Happy St. Valentine’s Day, Msgr. Pope. May your posts continue to be the standard on this website for both erudition and edification. I have trouble sometimes distinguishing between ‘eros’ and ‘agape’, specifically whether the expressions of ecstatic union experienced by the saints, is ‘eros’ or a love from one’s being for God; and whether the rule to Love One’s Neighbor as one’s self for the love of God, would be the more dispassionate form of love, ‘agape’, a kind of justice/mind love which can be evidenced by, and is commented on by persons in scripture, perhaps as the non-favoritism, and impartiality given to people by Jesus. Maybe it’s not a strict ‘either-or’. Maybe both are needed in both cases, because love, of course, requires much more in the giving and receiving, than what can be given in a mere verbal definition. All the best everyone. Happy Valentine’s Day. May we all learn more and more each day how to love.

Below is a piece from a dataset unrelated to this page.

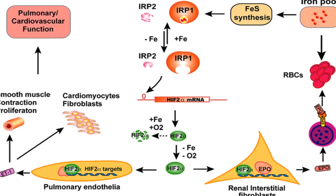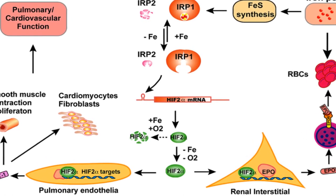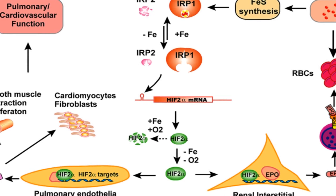Iron Regulatory Proteins (IRPs) regulate iron metabolism by binding to RNA stem-loop structures known as iron-responsive elements (IREs) in target mRNAs.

Yes, I am sure we cannot merely seperate the various kinds of love into different boxes. As you say, they can and do interact a lot.
Valentine’s Day reminds me that there’s always something new to leard about even human love. A few days before my wife died, one of her doctors took me aside in her hospital room and asked me how long we had been married. My wife appeared to be deeply asleep. I was answering him that it would soon be 52 years when she called out, “Not long enough!”
Valentine’s Day reminds me that there’s always something new to learn about even human love. A few days before my wife died, one of her doctors took me aside in her hospital room and asked me how long we had been married. My wife appeared to be deeply asleep. I was answering him that it would soon be 52 years when she called out, “Not long enough!”
Amen. Sound like God well blessed you both.
Thank you for another wonderful post. And Happy St. Valentine’s Day to you too.
Thanks!
Thank you Father for this wonderful blog. I realize I too celebrate two loves this Valentine’s Day. The love of my wife and the love of God. Without one I would not have the other, for turning to one was required to obtain the other. I think you know which one is which. God Bless you and Happy Valentine’s Day.
Great how God works!
God bless you Jedesto
We need more agape in the world.
Isn’t there also “Philia” that is, brotherly love?
TeaPot562
Yes, there surely is. I just didn’t focus on it here but you are surely right philia is bortherly love.
One thought I had long ago, was that if God did not give women the gift of longing for her husband, the world would be uninhabited. I think it is sincerly because of agape, that God incarnated.